La crisi normativa che ha investito il settore degli autovelox non è solo una battaglia legale o burocratica: è una minaccia per l’innovazione. Dietro il vuoto legislativo che impedisce l’omologazione dei dispositivi, si sta consumando una crisi industriale che rischia di far arretrare l’Italia in un comparto ad alta specializzazione tecnologica. A denunciarlo sono le aziende stesse, che parlano di progetti congelati, contratti sospesi e investitori in fuga.
“Un Paese senza norme non può innovare”
La Ci.ti.esse srl di Como, tra le principali realtà italiane del settore, ha scelto di reagire con una diffida formale ai ministeri delle Infrastrutture e delle Imprese, chiedendo l’emanazione del decreto di omologazione previsto dall’articolo 192 del Codice della Strada. “Non chiediamo incentivi, ma certezze”, spiega l’avvocato Pasquale Didona, che assiste la società. “Un Paese che non definisce regole tecniche chiare non può pretendere innovazione.

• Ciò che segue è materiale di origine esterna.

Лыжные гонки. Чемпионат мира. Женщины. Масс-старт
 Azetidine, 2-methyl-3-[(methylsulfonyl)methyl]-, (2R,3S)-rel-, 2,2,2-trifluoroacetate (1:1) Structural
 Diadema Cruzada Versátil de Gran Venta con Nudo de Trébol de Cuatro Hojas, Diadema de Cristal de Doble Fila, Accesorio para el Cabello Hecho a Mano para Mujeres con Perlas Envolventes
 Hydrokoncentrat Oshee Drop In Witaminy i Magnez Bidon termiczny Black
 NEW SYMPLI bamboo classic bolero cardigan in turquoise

Senza un quadro stabile, le aziende non investono e i talenti si spostano altrove”. Il timore, infatti, è che le competenze italiane nel controllo intelligente del traffico vengano disperse o acquisite da competitor stranieri.
Investimenti congelati e progetti fermi
Secondo fonti del settore, centinaia di migliaia di euro di investimenti in ricerca, sensoristica e software sono oggi congelati.

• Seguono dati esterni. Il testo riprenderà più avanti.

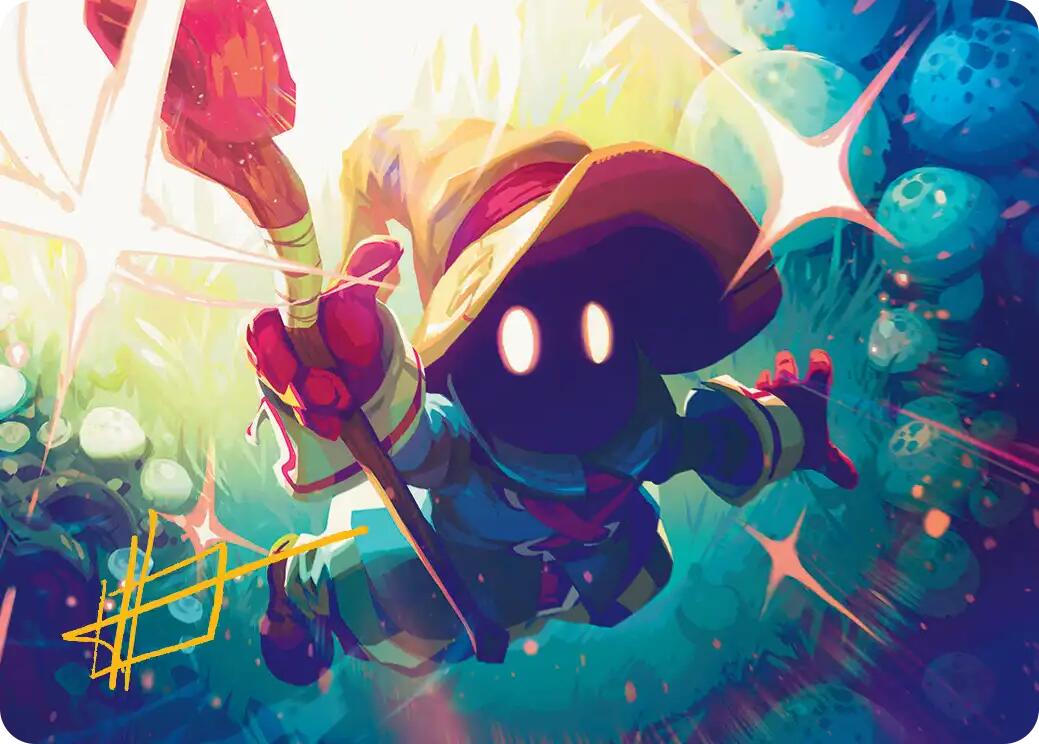 Vivi Ornitier Art Card (Gold-Stamped Signature) [FINAL FANTASY Art Series] | Exor Games Summserside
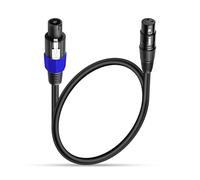 Cavo XLR a speakon, 3 pin, spina XLR a speakon, audio con microfono Twist Lock, prolunga 0,5 m/1,6 m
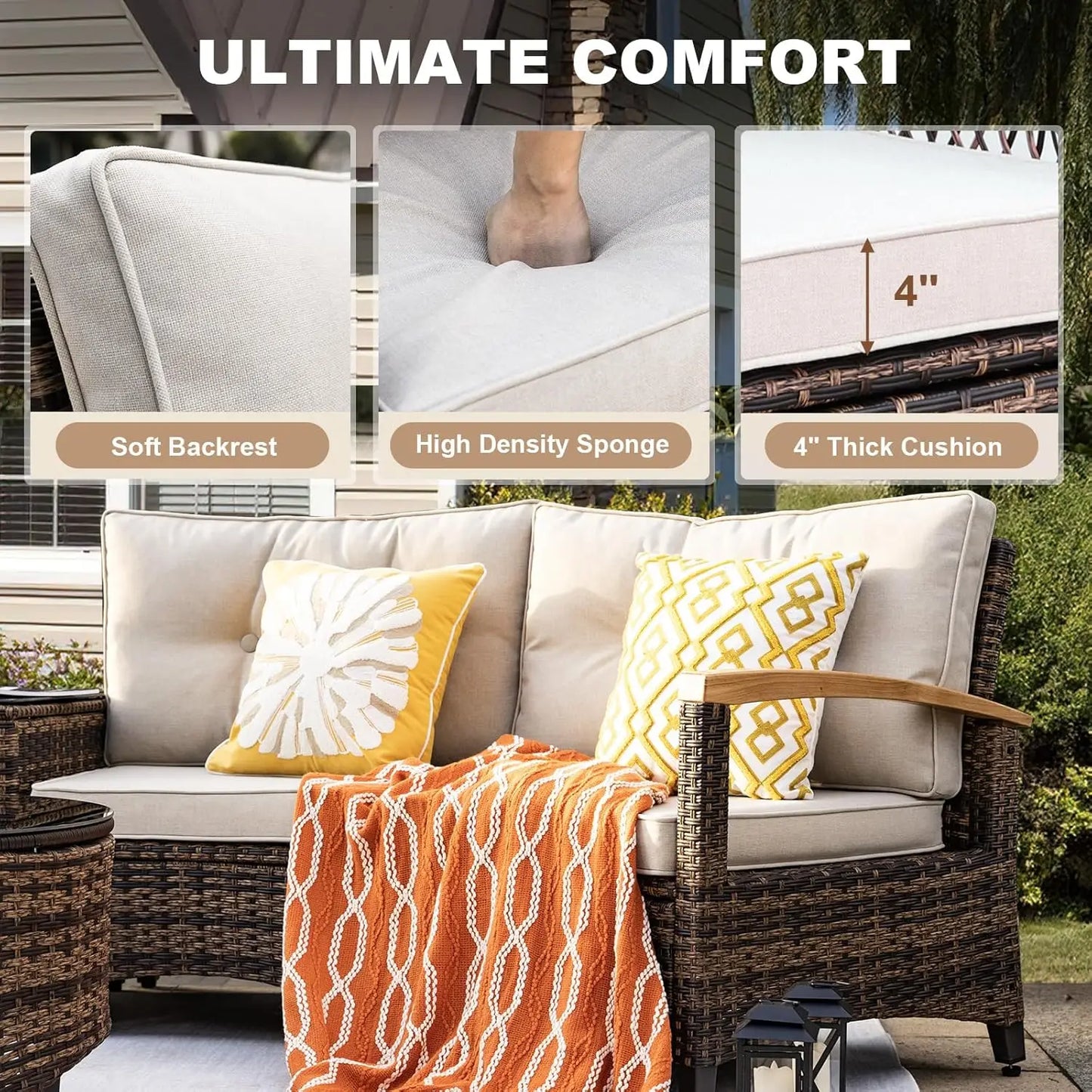 Multi-piece Outdoor Patio Furniture Set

Le aziende avevano avviato programmi di sviluppo per integrare i nuovi dispositivi nelle piattaforme di mobilità urbana intelligente, ma senza un decreto di omologazione non è possibile testarli né commercializzarli.

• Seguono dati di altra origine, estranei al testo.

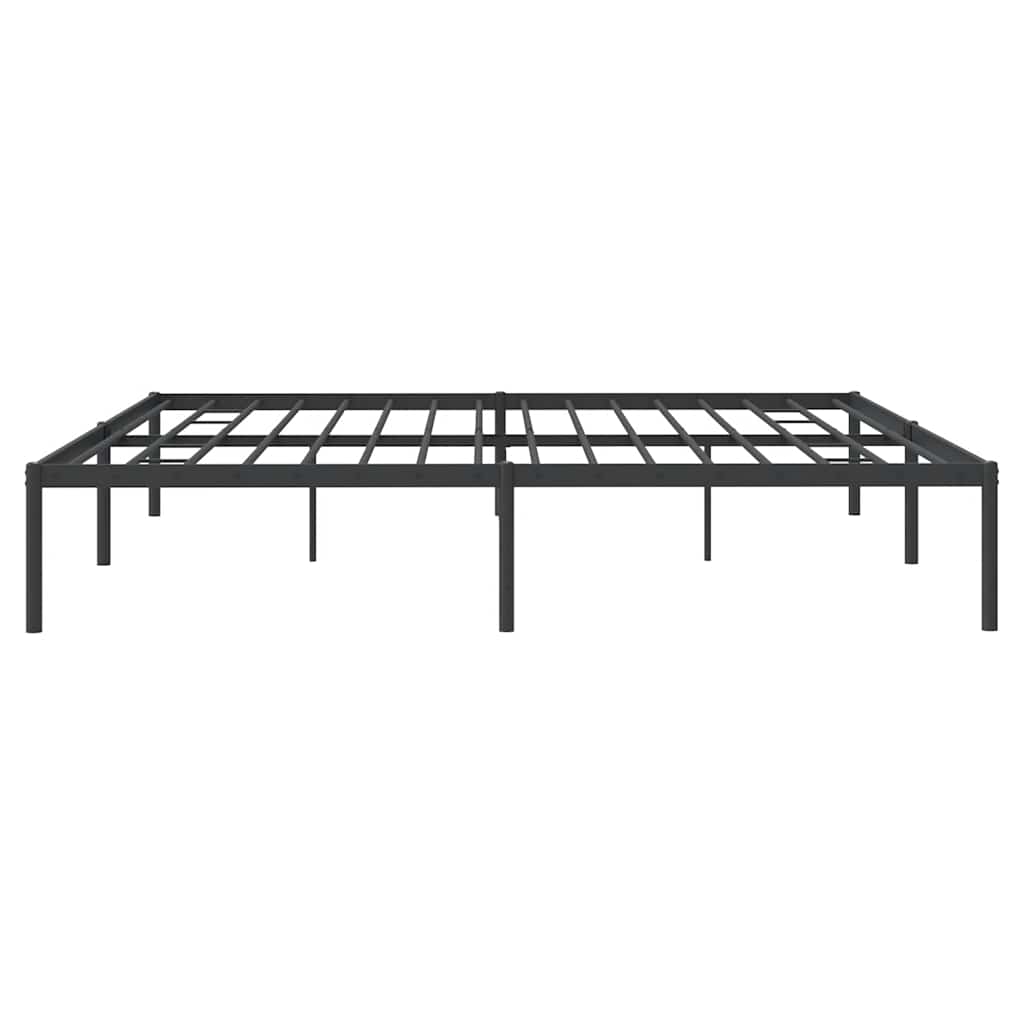Bettgestell Metall Schwarz 200x200 cm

“Abbiamo sistemi pronti, ma siamo costretti a lasciarli nei laboratori”, spiega un tecnico di una società milanese. “Il rischio è che tra qualche mese saranno già superati, e i fondi investiti andranno perduti”.
Un vuoto che favorisce la concorrenza estera
In Europa, altri Paesi hanno già aggiornato i propri standard di omologazione, creando un contesto favorevole all’innovazione.
Le imprese italiane, invece, restano intrappolate in un limbo che mina la loro competitività internazionale. “Ogni mese di immobilismo equivale a un mese di vantaggio per i competitor stranieri”, osservano gli imprenditori del comparto. “Siamo costretti a rinunciare a gare e collaborazioni perché mancano i riferimenti normativi che altrove esistono da anni”.
Appello delle aziende: “Ristabilire fiducia e stabilità”
Le imprese chiedono un intervento immediato del governo per sbloccare il decreto e restituire certezza al mercato. “Non servono scorciatoie o interpretazioni temporanee”, ribadisce Didona. “Serve una norma definitiva che ridia fiducia agli operatori e garantisca la sopravvivenza di un settore strategico per la mobilità e la sicurezza”. In assenza di risposte rapide, il rischio è che l’Italia perda una delle sue filiere tecnologiche più solide, costruita in anni di esperienza, innovazione e competenza.